Exercise description: Beginning at the line that contains "this 660×371 image.", reproduce every line to the end of the material without changing any of them.
-*-
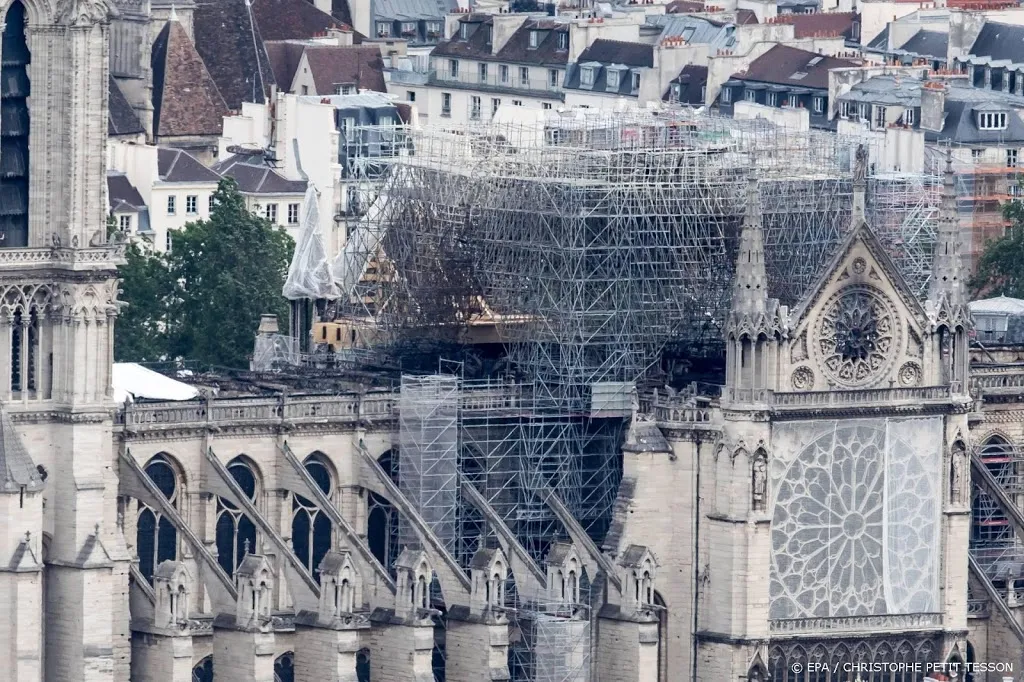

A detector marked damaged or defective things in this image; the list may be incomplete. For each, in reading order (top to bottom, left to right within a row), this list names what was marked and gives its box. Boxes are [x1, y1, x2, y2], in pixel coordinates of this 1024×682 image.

burned roof [151, 20, 229, 137]
burned roof [194, 0, 274, 108]
burned roof [262, 40, 306, 89]
burned roof [250, 0, 350, 41]
burned roof [304, 43, 388, 93]
burned roof [432, 16, 572, 66]
burned roof [576, 39, 648, 68]
burned roof [732, 43, 860, 89]
burned roof [968, 20, 1024, 61]
burned roof [109, 76, 145, 137]
burned roof [108, 171, 146, 211]
burned roof [157, 147, 221, 183]
burned roof [208, 155, 304, 194]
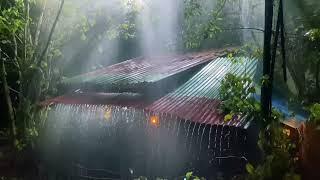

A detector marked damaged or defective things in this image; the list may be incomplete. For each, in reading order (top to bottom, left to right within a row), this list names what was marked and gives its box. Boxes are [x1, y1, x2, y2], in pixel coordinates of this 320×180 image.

rusty metal roof sheet [62, 48, 231, 90]
rusty metal roof sheet [146, 57, 258, 127]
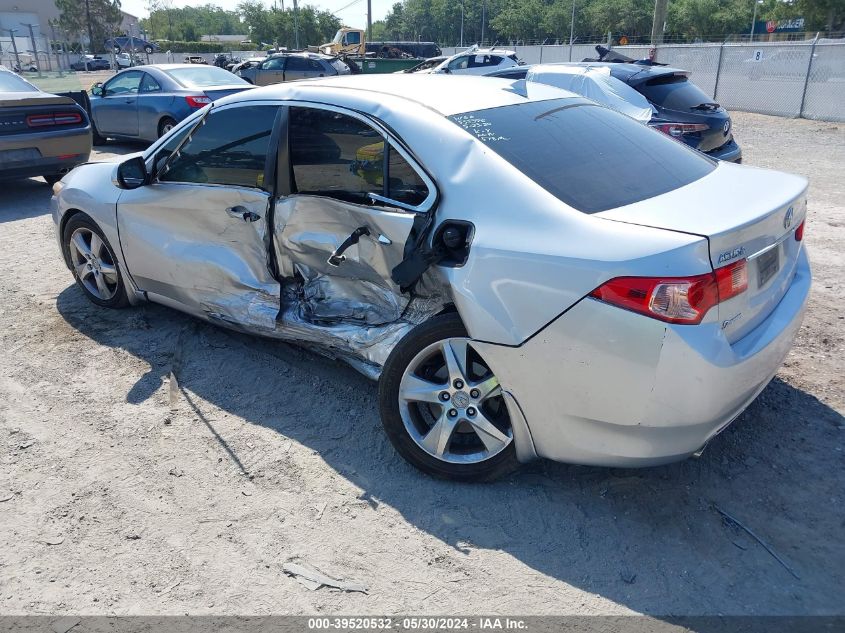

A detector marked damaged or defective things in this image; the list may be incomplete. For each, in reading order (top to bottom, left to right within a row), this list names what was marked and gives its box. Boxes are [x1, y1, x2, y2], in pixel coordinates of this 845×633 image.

damaged silver sedan [51, 74, 812, 478]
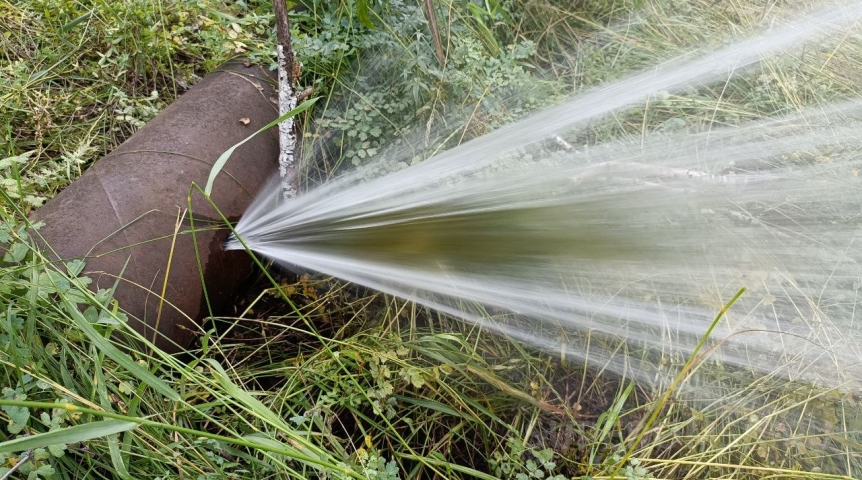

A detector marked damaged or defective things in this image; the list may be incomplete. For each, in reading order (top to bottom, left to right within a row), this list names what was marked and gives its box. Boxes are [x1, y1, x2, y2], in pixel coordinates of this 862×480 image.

rusty metal pipe [30, 60, 278, 352]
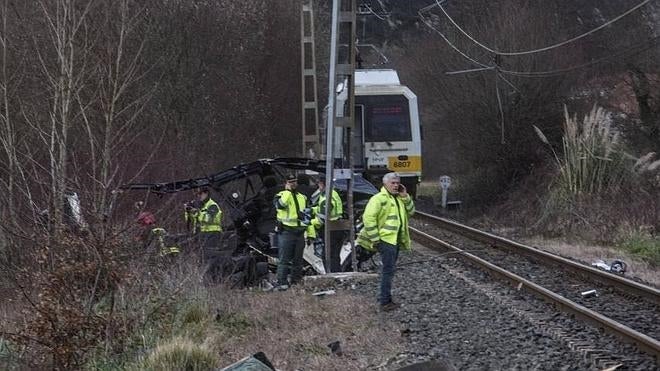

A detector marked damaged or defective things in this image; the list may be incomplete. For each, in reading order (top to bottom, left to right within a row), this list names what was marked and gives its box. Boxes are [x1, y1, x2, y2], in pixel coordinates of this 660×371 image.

crashed vehicle [118, 158, 376, 286]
-*-
Exercise answer:
A detector marked damaged or defective things in this image; the list may be incomplete. For each, in reading order (top to bottom, left to right within a row), this list names what was marked and gives its box. Boxes are [x1, y1, x2, y2], in pixel coordinates of this 660×371 image.

crashed vehicle [118, 158, 376, 286]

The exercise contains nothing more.